Augment the directory arguments to find(1) with `/usr/local/man/man1` to your liking.


----------



## SirDice (Sep 12, 2022)

[_Mod: removed a bunch of nonsense_]


----------



## hardworkingnewbie (Sep 12, 2022)

Man pages come in sections:

     The sections of the manual are:
           1.   FreeBSD General Commands Manual
           2.   FreeBSD System Calls Manual
           3.   FreeBSD Library Functions Manual
           4.   FreeBSD Kernel Interfaces Manual
           5.   FreeBSD File Formats Manual
           6.   FreeBSD Games Manual
           7.   FreeBSD Miscellaneous Information Manual
           8.   FreeBSD System Manager's Manual
           9.   FreeBSD Kernel Developer's Manual

To get a list of all man pages belonging to a section use this command which delivers all games:
$ apropos -s 6 .
banner(6) - print large banner on printer
caesar, rot13(6) - decrypt caesar ciphers
factor, primes(6) - factor a number, generate primes
fortune(6) - print a random, hopefully interesting, adage
grdc(6) - grand digital clock (curses)
intro(6) - introduction to games
morse(6) - reformat input as morse code
number(6) - convert Arabic numerals to English
pom(6) - display the phase of the moon
random(6) - random lines from a file or random numbers

What you are probably meaning is GNU Texinfo; since FreeBSD doesn't use GNU in its standard userland it does not offer this. Aside that the info would be only useful for GNU tools.


----------



## patmaddox (Sep 16, 2022)

Thanks for the suggestions, everybody. The thing that really precipitated this was finding forum links to build(7) and release(7) – I don't know how I would have come across them if it weren't for those links.



hardworkingnewbie said:


> $ apropos -s 6 .



This is super helpful, thank you! A list of man pages by sections is a really good start. Perhaps I could modify the online apropos CGI script to accept the section.

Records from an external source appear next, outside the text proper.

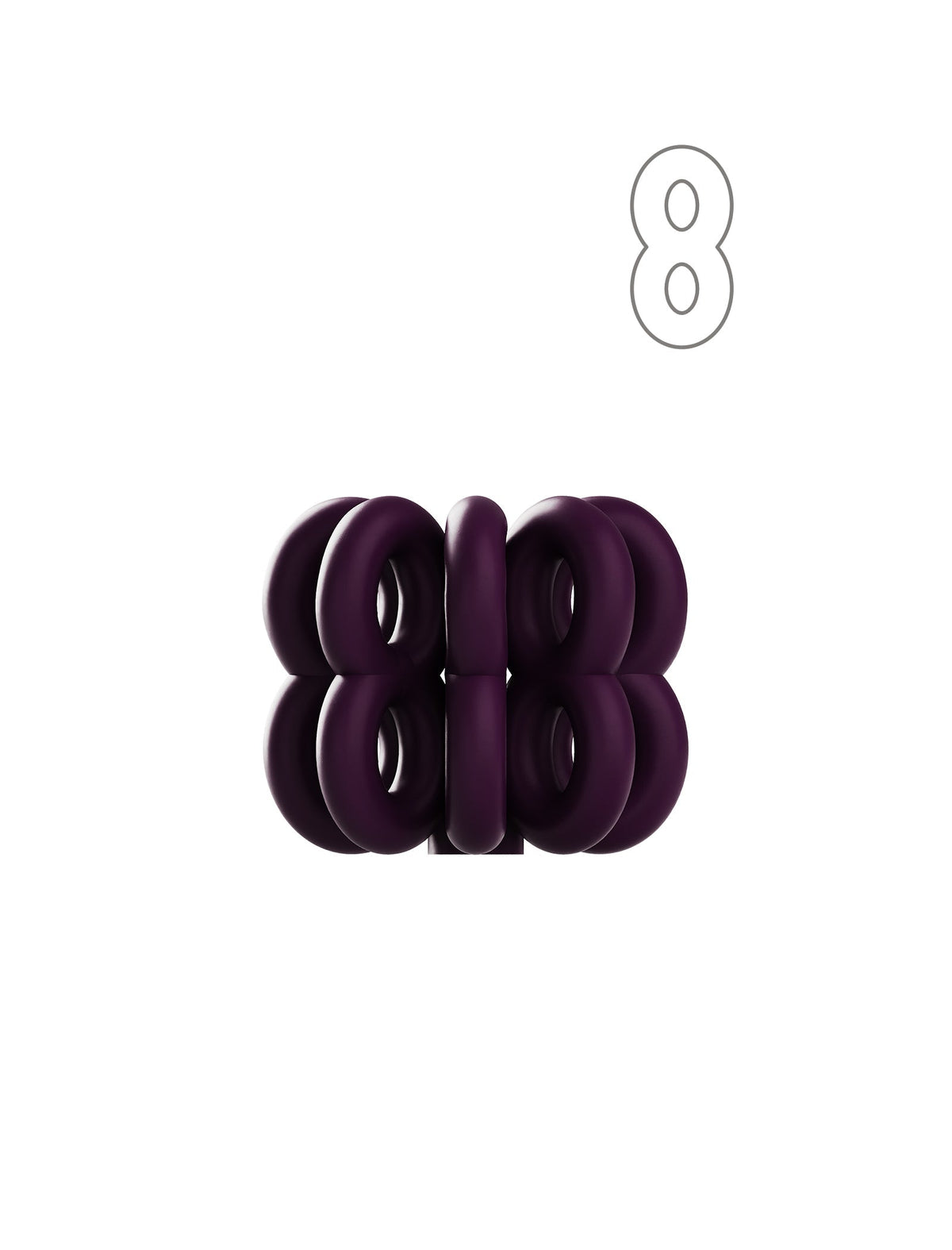 Digit Candle Holder Eight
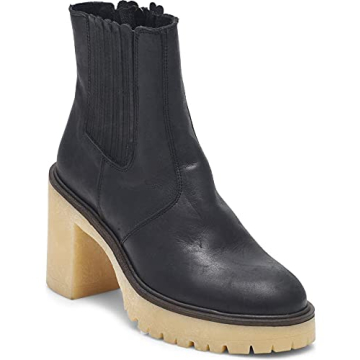 Womems Platform Lug Sole Ankle Boots Chunky Block Heel Seam Booties Combat Cozy Round Toe Chelsea Sh...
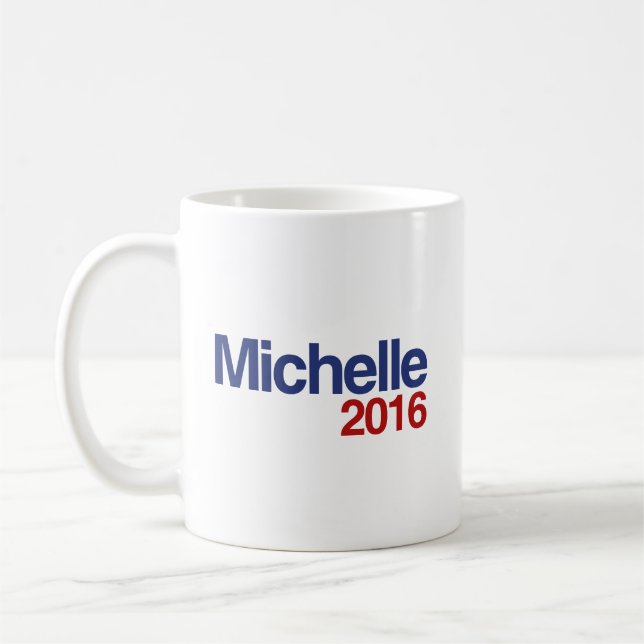 MICHELLE OBAMA 2016.png Coffee Mug (Left)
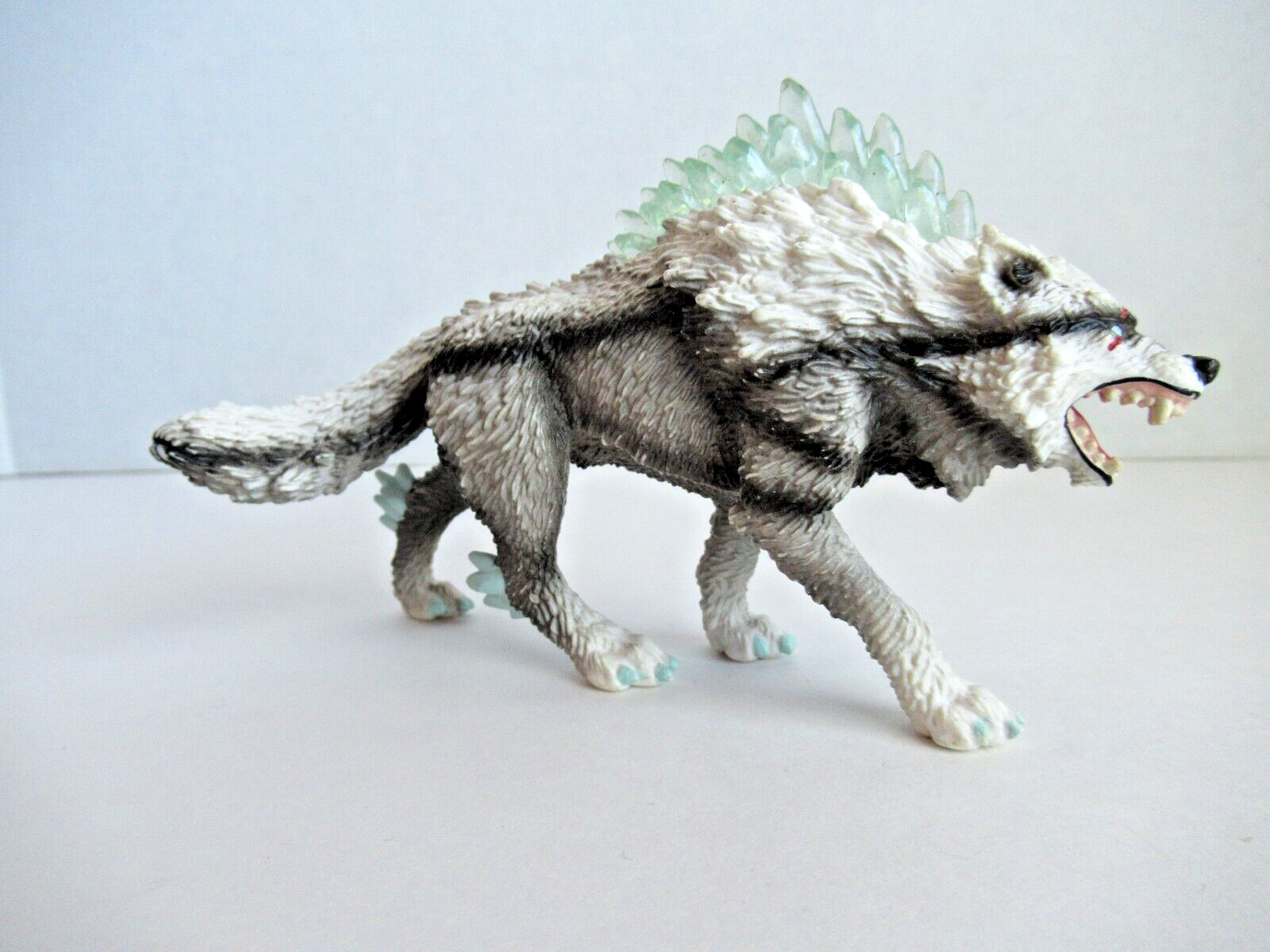 Schleich Eldrador Monster Creatures Mythical Snow Wolf Action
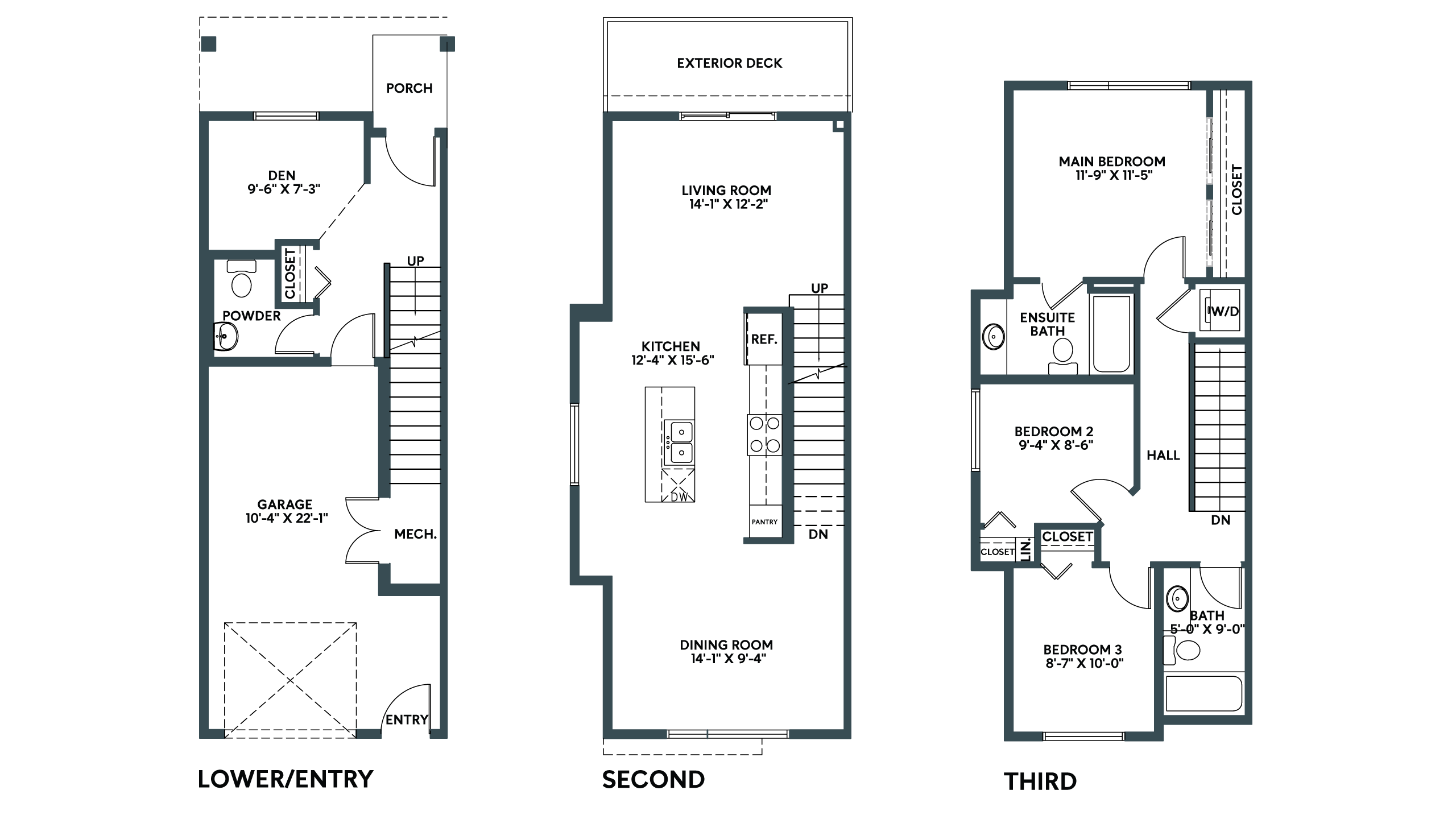 Townhome for Rent in Cochrane - Plan B1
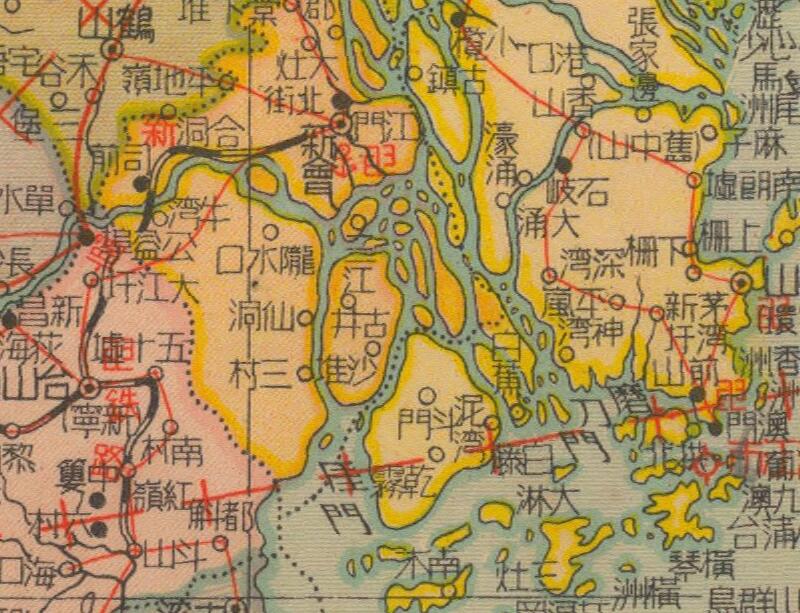 1946年《广东分县详图》插图3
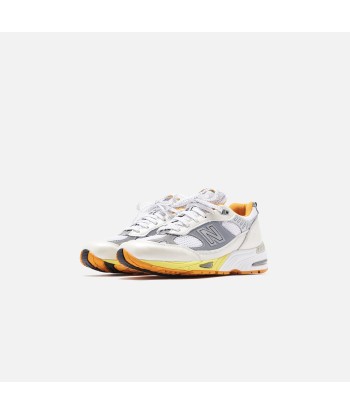 New Balance x Aries Arise WMNS Made in UK 991 - Silver / White / Orange offre 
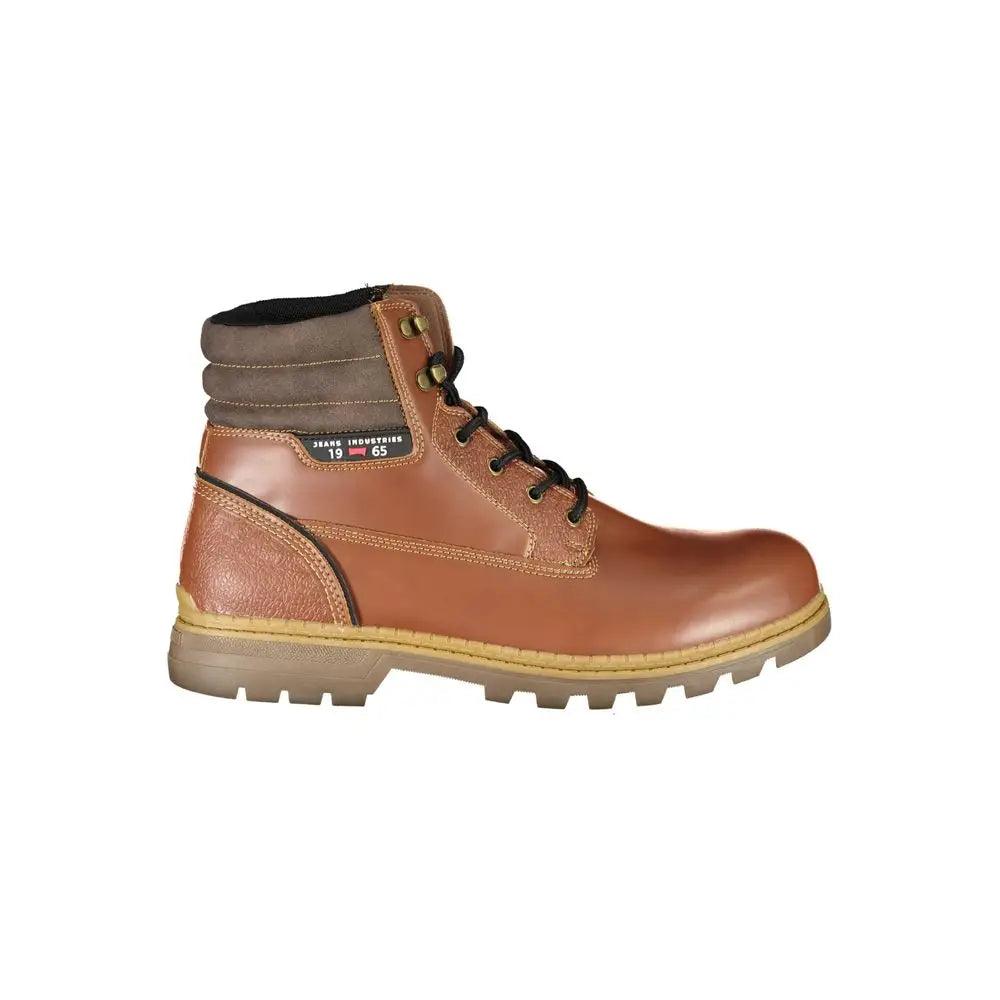 Carrera Brown Polyester Boot - Ankelstøvler
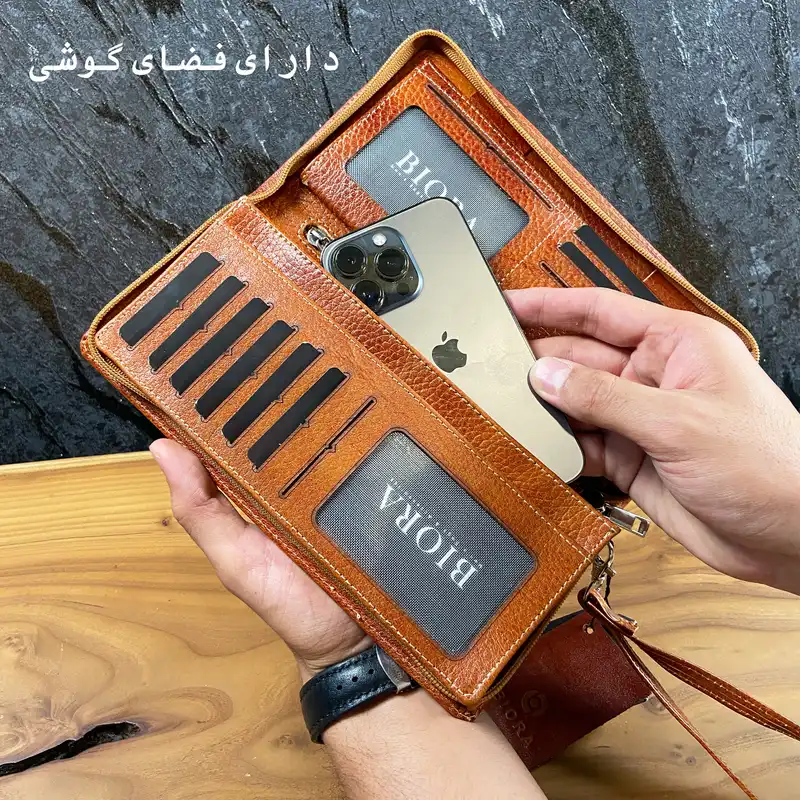 کیف دسته چک بیورا مدل kdch01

In this exploration I also learned that makewhatis(8) indexes any man pages that have been installed by ports, so they also show up in apropos.


----------



## bakul (Sep 16, 2022)

When I was first starting out with Unix, I looked at the man pages for everything in /bin, then everything in /usr/bin etc. I played with every command, and many options, exercising what I read in their man pages because I remember better if I actually use them. You can use the "See Also" section to explore related commands etc. Another thing you can do is cd to /usr/share/man/manN, for N in 1..9, and see what files exist there and explore. Also try "man N intro".


----------